Documents filed at the Nunavut Court at Justice show that Crown lawyers have stayed a fraud charge that Rankin Inlet taxi operator David Wiseman had been facing. The Aviva insurance company had alleged that Wiseman had submitted false documents to support an insurance claim. (FILE PHOTO)
Crown lawyers have stayed a long-standing fraud charge against Rankin Inlet taxi operator David Wiseman with only weeks to go before a trial by jury was scheduled.
According to documents filed with the Nunavut Court of Justice in Iqaluit, Crown prosecutor Shannon O’Conner filed paperwork on Dec. 30 that stays one count of fraud that Wiseman had been facing.
To “stay” a charge is a legal term for discontinuing a prosecution of an alleged act.
But it’s not the same as complete withdrawal of a charge.
In a stay of proceedings, lawyers have up to a year to revive a prosecution.
Wiseman, the former owner of S&G Taxi Co. in Rankin Inlet, was accused of one count of committing a fraudulent act, under section 380(1)(a) of the Criminal Code.
That charge replaced two earlier counts of falsifying documents and using misleading receipts laid against Wiseman in 2015, stemming from allegations that Wiseman filed bogus insurance claims with Aviva Canada in 2013 after a fire at his garage.
But further review of potential evidence by the RCMP, at the request of the Crown, failed to turn up a reasonable prospect for conviction, the Public Prosecution Service of Canada’s Nunavut office confirmed to Nunatsiaq News, Jan. 11.
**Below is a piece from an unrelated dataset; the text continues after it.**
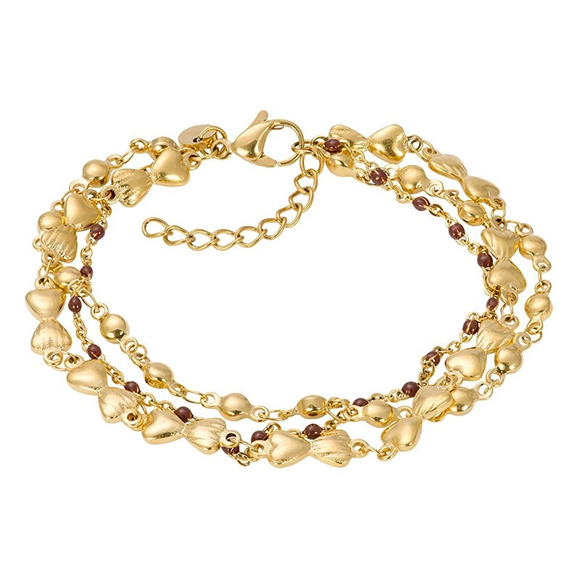 Product image 1 of Armband Botswana (braune Perlen) 17+3cm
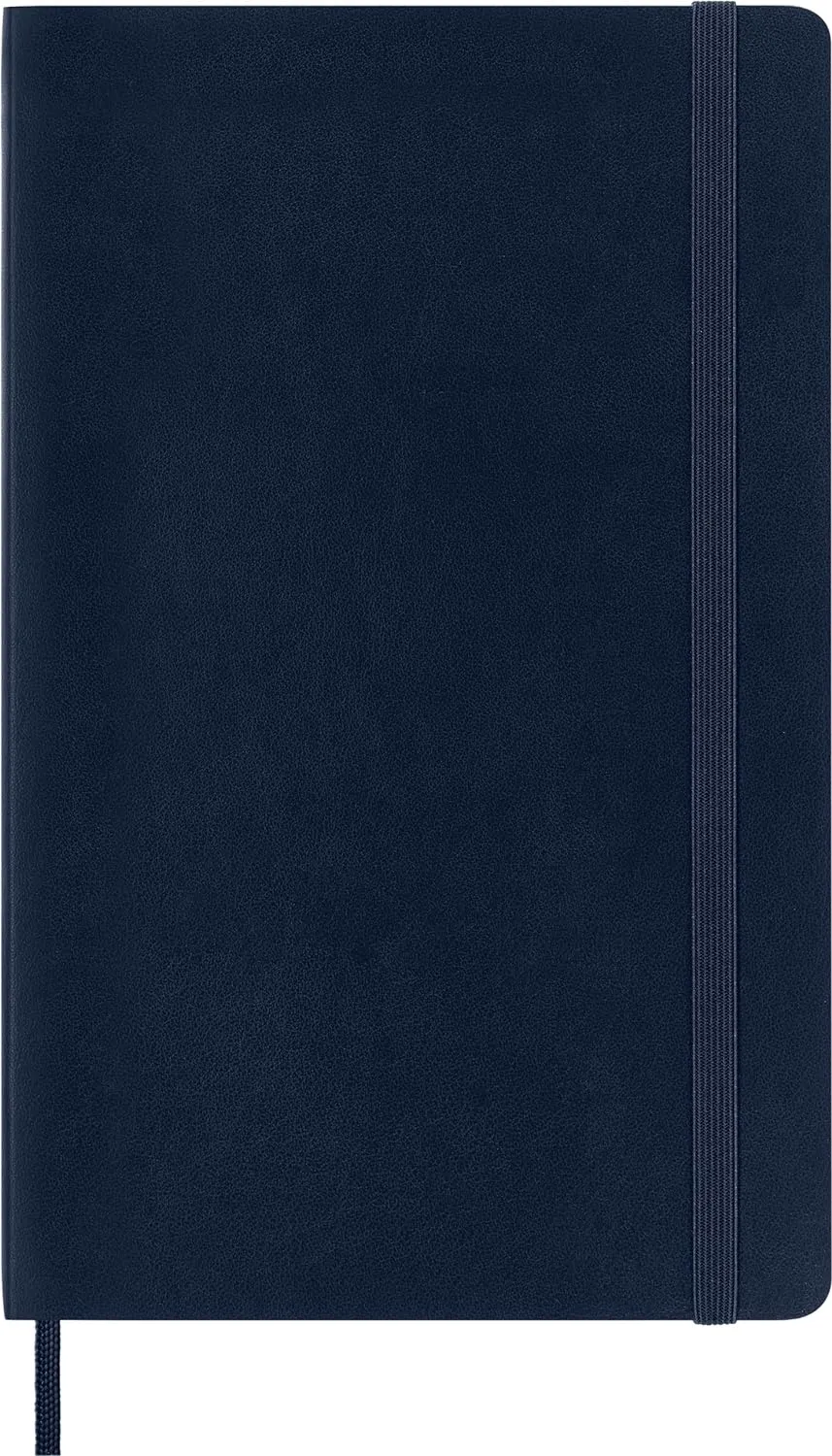 Moleskine Classic Notebook, Soft Cover, Large (5" x 8.25") Ruled/Lined, Sapphire Blue, 192 Pages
The alleged fraudulent claims in question were valued at over $50,000.
Wiseman’s trial by jury was scheduled to take place in Rankin Inlet on Jan. 29.
According to court documents, seven witnesses had already been subpoenaed by the Crown to testify at the trial.
They included an insurance fraud investigator employed by Aviva Canada and the RCMP officer responsible for laying the original charges.
Aviva Canada’s original accusations against Wiseman alleged that he falsely requested compensation for the rental of industrial heaters after a fire at his taxi garage, and included “a fictional vendor” on the invoice for the heaters.
Aviva’s allegations are still described on the insurance company’s website.
Investigators had already ruled that the fire itself was accidental.
In submissions to the court, the Crown alleged that Wiseman had a possible motivation to commit the alleged fraud because of his “dire financial situation” after accepting a $941,105 loan from the Nunavut Business Credit Corp. in 2012.
Wiseman stopped making payments to the NBCC shortly before he filed the allegedly bogus insurance claim.
A judge eventually declared Wiseman bankrupt in a separate civil suit launched against him by the NBCC in 2016, which forfeited the remaining assets of his business to the Edmonton-based insolvency firm, MNP Ltd.